● TASK INSTRUCTIONS
In your transcription, keep every record exact and leave out the pictures.

===== RECORDS TO PROCESS =====

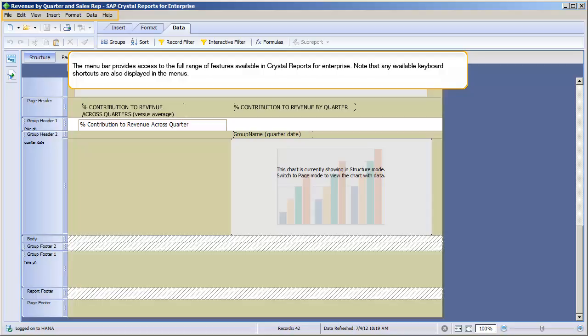The menu bar provides access to the full range of features available in Crystal Reports for Enterprise. Note that any available keyboard shortcuts are also displayed in the menus.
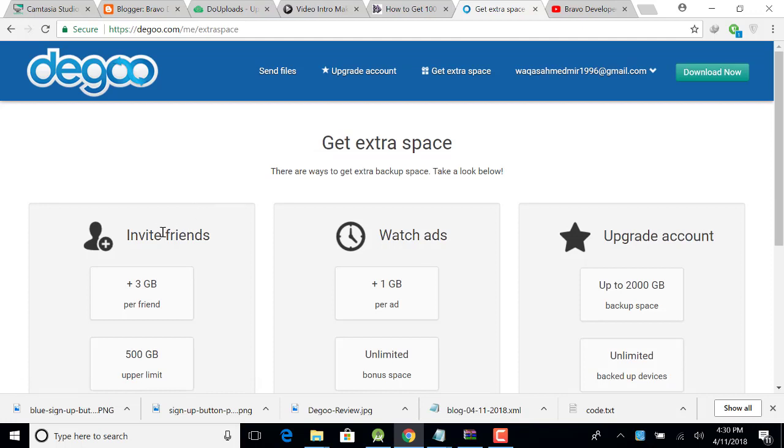So here you can see invite friends. When you invite your friends, then you can get 3 GB per friend and you will get up to 500 GB. Now watch ads, when you watch one ad, then you can get 1 GB per ad.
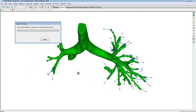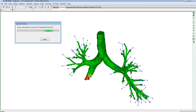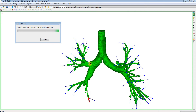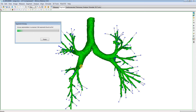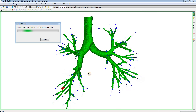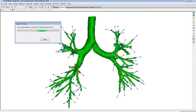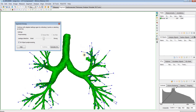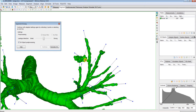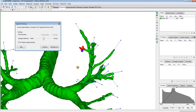It looks like we just have this one leakage on the left side. It looks like we just have that one leakage, so I'll show you how to fix it. In order to fix that, you can just left-click on that area, then right-click and place a leakage marker there. That's going to block it off and resegment that area.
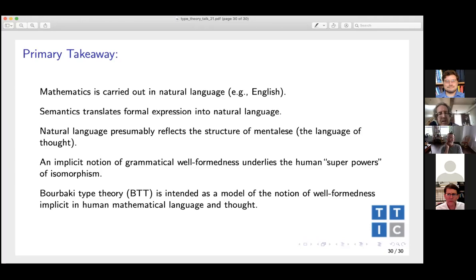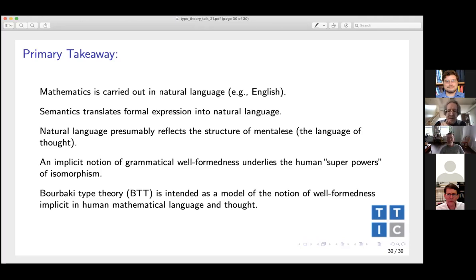Any more questions? Well, why don't we call the formal seminar to a close and thank David for the talk. I feel I understand more about type theory and set theory now. Next week we'll have Miles Cramer from astrophysics at Princeton, who will tell us about machine learning for determining the stability of planetary systems. I hope to see you all there.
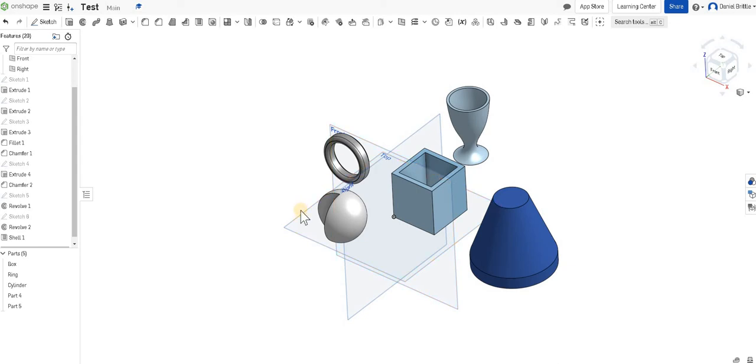In this tutorial, we're going to look at a few more skills in Onshape and some more of the complex things to do.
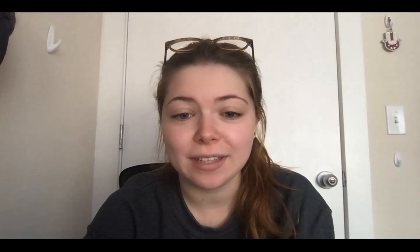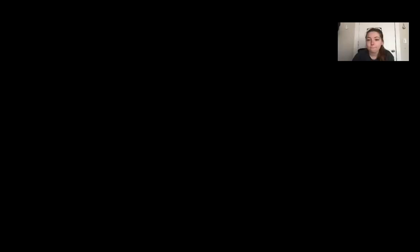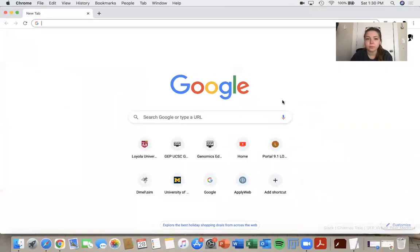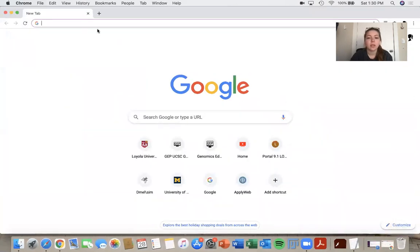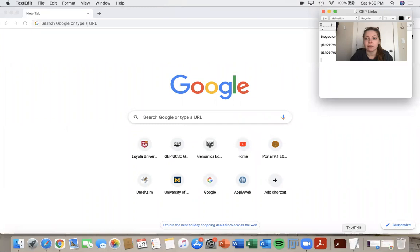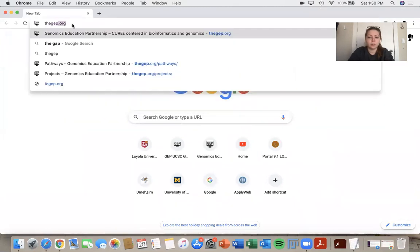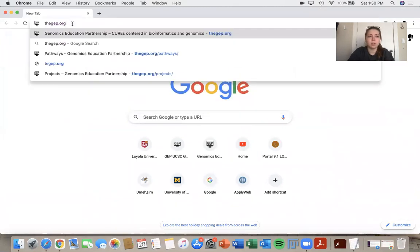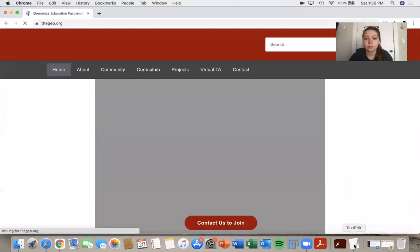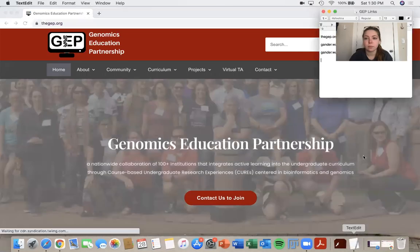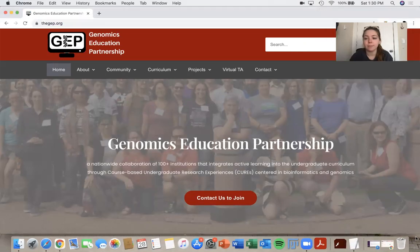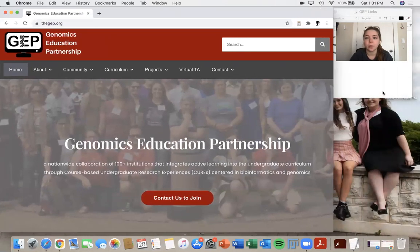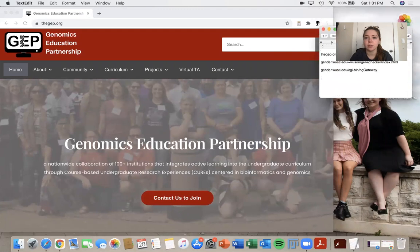So first, we're going to want to open up our browser and let me share my screen. Great. And here I have a file that has the links that I'm going to be using. Let me just pull that a little so that we can see this on the screen.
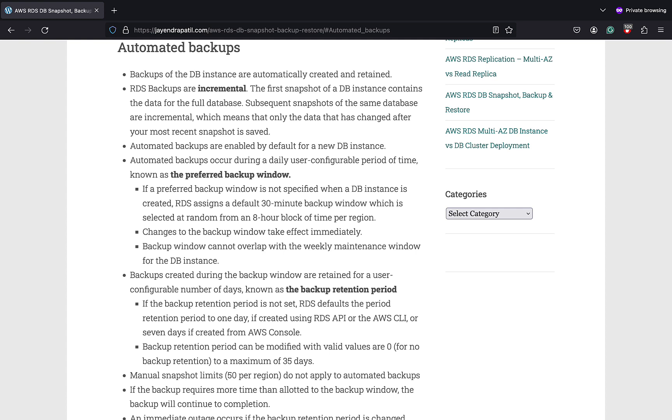RDS uses periodic data backups in conjunction with transaction logs to enable restoration of the DB instance to any second during the backup retention period, up to the latest restorable time. And this can be typically up to the last few minutes.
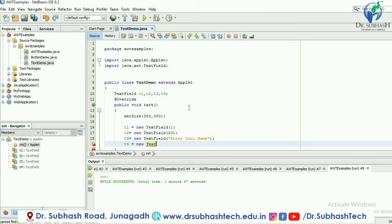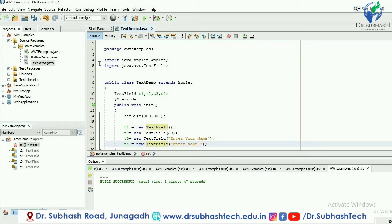For t4 I will use the fourth constructor, which takes two parameters: a string and the size of columns. There is a fourth constructor available with two parameters — first is a string and second is the column size. The sequence is specified in the constructor: first is string, then integer for number of columns. I am entering "enter your enrollment number" as the string and specifying 80 as the number of columns: t4 = new TextField("enter your enrollment number", 80).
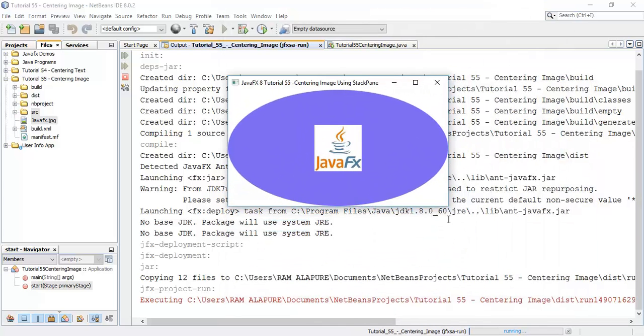So this is the tutorial about how to center an image using a stack pane. If you have any question about this tutorial ask me in the comment section and if you found this video helpful please like share and subscribe to my channel. Thanks for watching this video see you in the next tutorial.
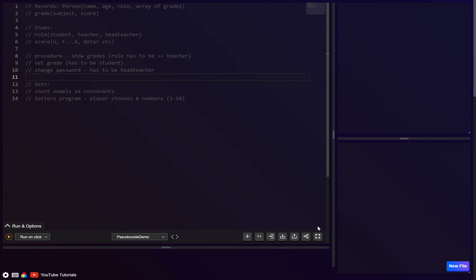Welcome back. In this video we'll talk about composite data types. We actually covered one last time — arrays. For people that don't know, composite data types are data types that can be composed of more than one value, and in some cases more than one different data type.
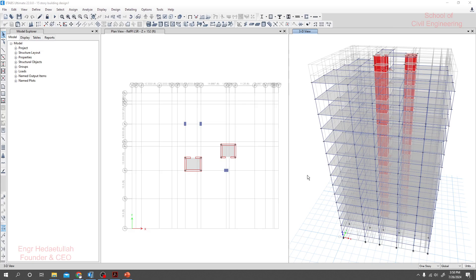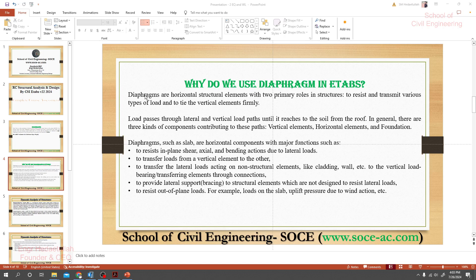Let me show you about diaphragm and why we need to assign it. Diaphragms are horizontal structural elements with two primary roles in a structure: to resist and transmit various types of load, and to tie the vertical elements firmly. Load passes through lateral and vertical load paths until it reaches the soil from the roof. In general, there are three kinds of components contributing to those paths: vertical elements, horizontal elements, and foundation.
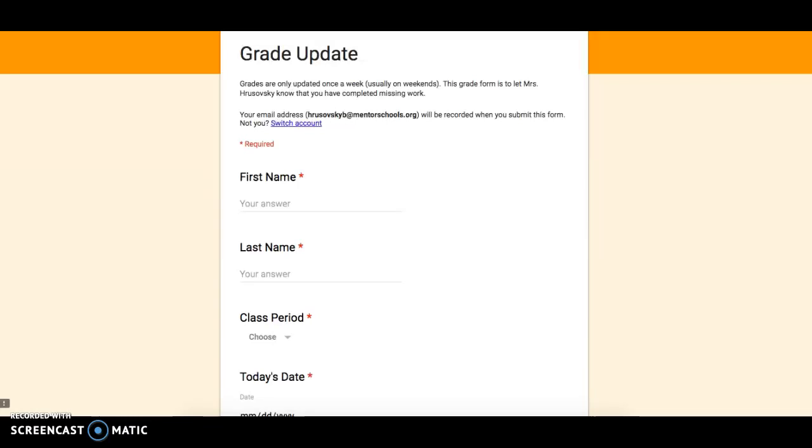All right, this video is going to explain the grade update form that Mr. Vaughn and Mrs. H use when you are missing work and you've gotten it done or if a grade is incorrect in the grade book. You're going to be brought to a form that looks something like this, and this form can be found in Schoology.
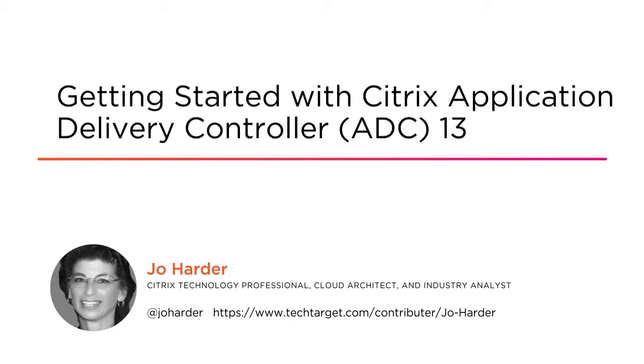I've been working with Citrix products for over 20 years and I'm a Citrix technology professional, a cloud architect, and a tech community contributor.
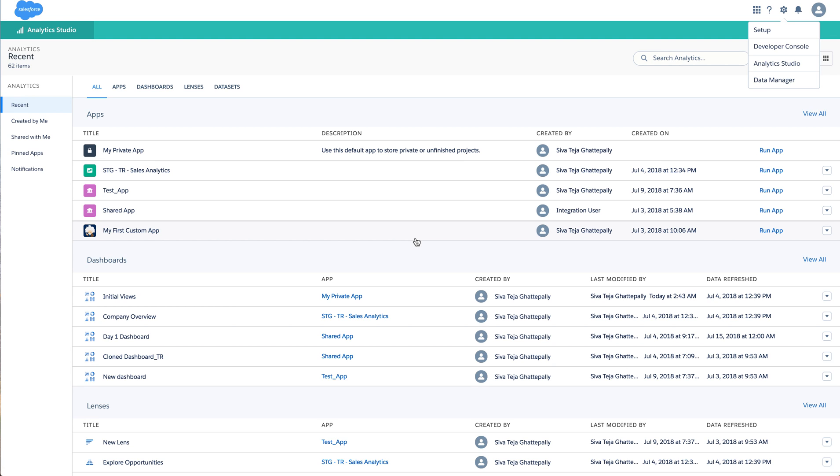Hello everyone, this is Shivateja from Einstein Analytics product team. Today let us see a few options around dataset recipe.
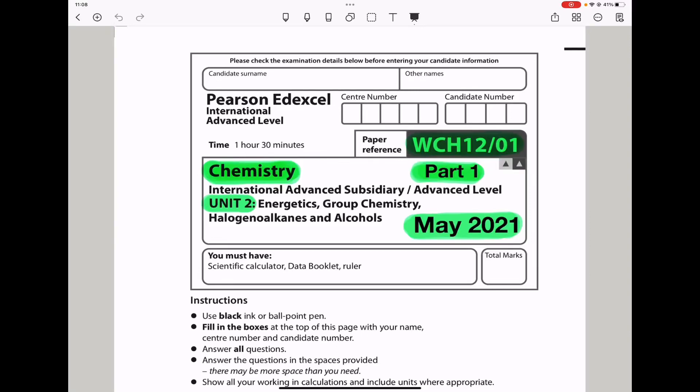Welcome to the Chemistry, Biology, and Math Revision Hub. Today we are doing the Pearson Edexcel International A-Level Chemistry Unit 2 for May 2021. This is the Part 1 video. I'll put the links to the Part 2 and Part 3 videos below in the discussion box. Let's begin with the first question.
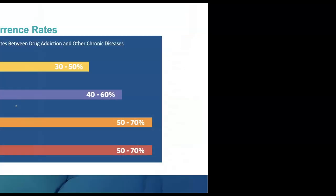This is a comparison of recurrence rates between substance use disorders and other chronic illnesses like diabetes, hypertension, and asthma. Substance use disorders cross the confidence intervals for all of the other chronic illnesses, underscoring the fact that this is a treatable disease.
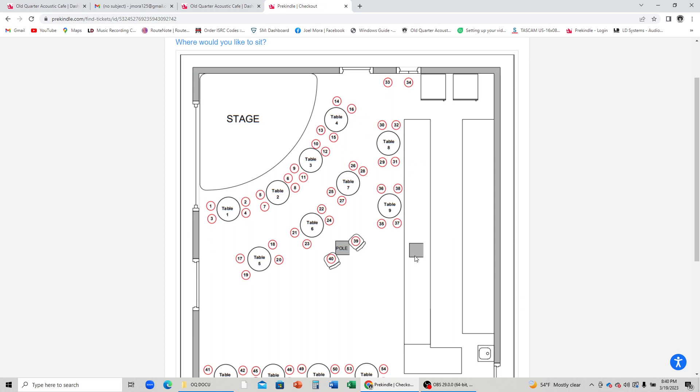Choose which table you'd like to be seated at. When choosing a table, if it lights up red rather than blue it is sold out.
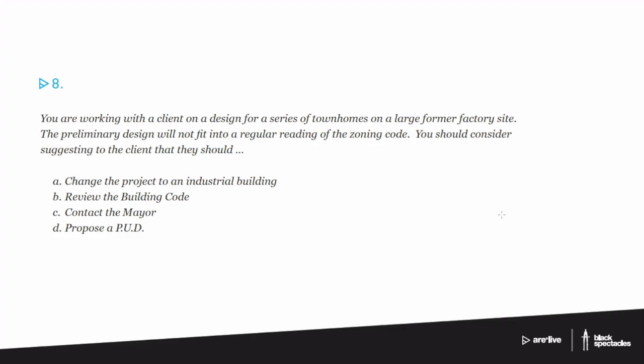You are working with a client on a design for a series of townhomes on a large former factory site. The preliminary design will not fit into a regular reading of the zoning code. You should consider suggesting to the client that they should:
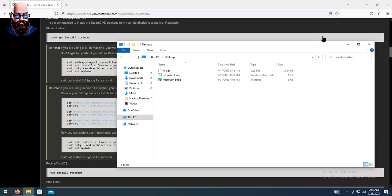How's it going everybody, Lucian Dev here bringing you yet another tutorial video. Today's video we're going to be going over Craftopia, this time we're going to be doing it on Linux.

=====

● COMPLETED EXERCISE
The menu bar provides access to the full range of features available in Crystal Reports for Enterprise. Note that any available keyboard shortcuts are also displayed in the menus.
So here you can see invite friends. When you invite your friends, then you can get 3 GB per friend and you will get up to 500 GB. Now watch ads, when you watch one ad, then you can get 1 GB per ad.
It looks like we just have this one leakage on the left side. It looks like we just have that one leakage, so I'll show you how to fix it. In order to fix that, you can just left-click on that area, then right-click and place a leakage marker there. That's going to block it off and resegment that area.
Any more questions? Well, why don't we call the formal seminar to a close and thank David for the talk. I feel I understand more about type theory and set theory now. Next week we'll have Miles Cramer from astrophysics at Princeton, who will tell us about machine learning for determining the stability of planetary systems. I hope to see you all there.
In this tutorial, we're going to look at a few more skills in Onshape and some more of the complex things to do.
So first, we're going to want to open up our browser and let me share my screen. Great. And here I have a file that has the links that I'm going to be using. Let me just pull that a little so that we can see this on the screen.
RDS uses periodic data backups in conjunction with transaction logs to enable restoration of the DB instance to any second during the backup retention period, up to the latest restorable time. And this can be typically up to the last few minutes.
For t4 I will use the fourth constructor, which takes two parameters: a string and the size of columns. There is a fourth constructor available with two parameters — first is a string and second is the column size. The sequence is specified in the constructor: first is string, then integer for number of columns. I am entering "enter your enrollment number" as the string and specifying 80 as the number of columns: t4 = new TextField("enter your enrollment number", 80).
So this is the tutorial about how to center an image using a stack pane. If you have any question about this tutorial ask me in the comment section and if you found this video helpful please like share and subscribe to my channel. Thanks for watching this video see you in the next tutorial.
Welcome back. In this video we'll talk about composite data types. We actually covered one last time — arrays. For people that don't know, composite data types are data types that can be composed of more than one value, and in some cases more than one different data type.
Let me show you about diaphragm and why we need to assign it. Diaphragms are horizontal structural elements with two primary roles in a structure: to resist and transmit various types of load, and to tie the vertical elements firmly. Load passes through lateral and vertical load paths until it reaches the soil from the roof. In general, there are three kinds of components contributing to those paths: vertical elements, horizontal elements, and foundation.
All right, this video is going to explain the grade update form that Mr. Vaughn and Mrs. H use when you are missing work and you've gotten it done or if a grade is incorrect in the grade book. You're going to be brought to a form that looks something like this, and this form can be found in Schoology.
I've been working with Citrix products for over 20 years and I'm a Citrix technology professional, a cloud architect, and a tech community contributor.
Hello everyone, this is Shivateja from Einstein Analytics product team. Today let us see a few options around dataset recipe.
Welcome to the Chemistry, Biology, and Math Revision Hub. Today we are doing the Pearson Edexcel International A-Level Chemistry Unit 2 for May 2021. This is the Part 1 video. I'll put the links to the Part 2 and Part 3 videos below in the discussion box. Let's begin with the first question.
This is a comparison of recurrence rates between substance use disorders and other chronic illnesses like diabetes, hypertension, and asthma. Substance use disorders cross the confidence intervals for all of the other chronic illnesses, underscoring the fact that this is a treatable disease.
Choose which table you'd like to be seated at. When choosing a table, if it lights up red rather than blue it is sold out.
You are working with a client on a design for a series of townhomes on a large former factory site. The preliminary design will not fit into a regular reading of the zoning code. You should consider suggesting to the client that they should:
How's it going everybody, Lucian Dev here bringing you yet another tutorial video. Today's video we're going to be going over Craftopia, this time we're going to be doing it on Linux.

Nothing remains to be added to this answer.